The Measurement Mess

thirty years in software, and people still don't know what to measure

Jun 29, 2024

My very first conference talk ever was on metrics. It was probably 2000 or 2001, and it was a mediocre at best presentation with too many bullet points and not enough entertainment. Despite my inexperience, the point was clear - measure things that matter.

I spent a lot of time over the years since then working on various metrics programs - sometimes shutting them down, but mostly, working with teams on how to use metrics to answer questions.

Measure what Matters

The simple yet often ignored advice on measurement is to measure things that truly matter. Many organizations fall into the trap of measuring whatever is easy, hoping that interesting insights will emerge. I call these 'jeopardy metrics' because they provide answers without clearly defined questions.
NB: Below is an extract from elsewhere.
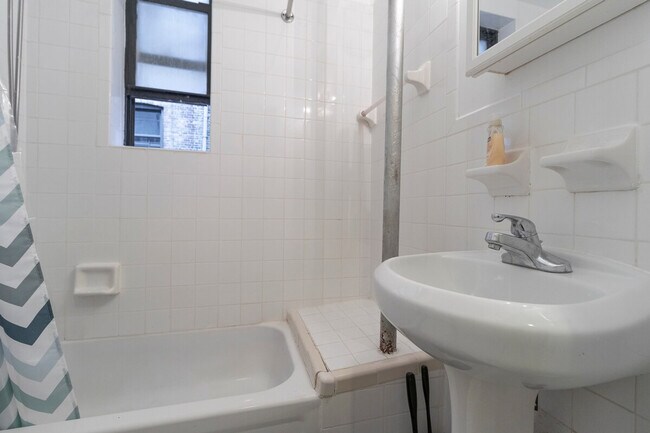 Photo - 309-311 East 95th Street-SI ID1032053P Unidad SI ID1032053P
I wrote an article just short of twenty years ago on this subject (it’s not horrible if you want to read it). I wrote about the problem of measuring the wrong things and talked about the Goal-Question-Metric (GQM) approach from Victor Basili. I had a chance to work with Dr. Basili briefly around that time as well while working on a project with Microsoft Research that helped me iron out a lot of my opinions on measurement.

GQM is pretty straightforward in concept (from the above linked article):

Generate a set of goals based on the needs of the organization or business.
Develop a set of questions that will let us know whether we are meeting our goals.
Develop a set of metrics that provides answers to these questions.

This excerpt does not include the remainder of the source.